In an interview that aired last night and this morning, President Obama told NPR that in terms of the U.S. relationship with Israel, "part of being a good friend is being honest. And I think there have been times where we are not as honest as we should be about the fact that the current direction, the current trajectory in the region, is profoundly negative – not only for Israeli interests but also U.S. interests. And that’s part of a new dialogue that I’d like to see encouraged in the region."
Later today the president will fly to Riyadh, Saudi Arabia, where he will neet with King Abdullah, after which he will fly to Cairo, Egypt, to deliver a major address to the Muslim world. The Israeli-Palestinian peace process will be front and center on the agenda.
We're also told the president will discuss terrorism, oil prices, and Iran with King Abdullah. The president is expected to press Arab countries to formally recognize Israel.
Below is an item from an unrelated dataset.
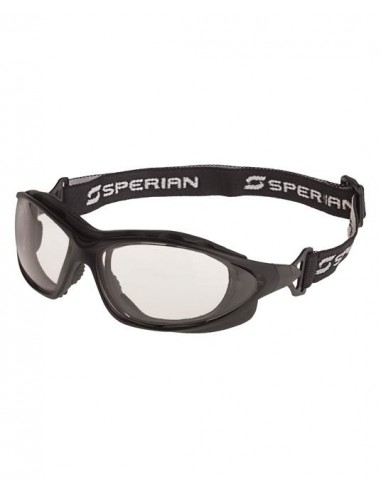 Brýle SP1000 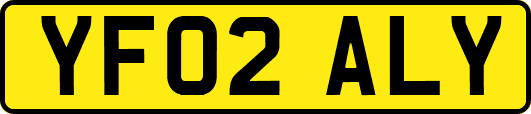 YF02ALY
"I think that we do have to retain a constant belief in the possibilities of negotiations that will lead to peace," the president said. "And that’s going to require, from my view, a two-state solution that is going to require that each side – the Israelis and Palestinians – meet their obligations. "
The president as of late has been publicly expressing much more frustration with Israeli Prime Minister Benjamin Netanyahu and Israel's settlement policy than he has with Bibi's Palestinian's counterparts.
"I’ve said very clearly to the Israelis both privately and publicly that a freeze on settlements, including natural growth, is part of those obligations," Mr. Obama said. "I’ve said to the Palestinians that their continued progress on security and ending the incitement that, I think, understandably makes the Israelis so concerned, that that has to be – those obligations have to be met. So the key is to just believe that that process can move forward and that all sides are going to have to give. And it’s not going to be an easy path, but one that I think we can achieve."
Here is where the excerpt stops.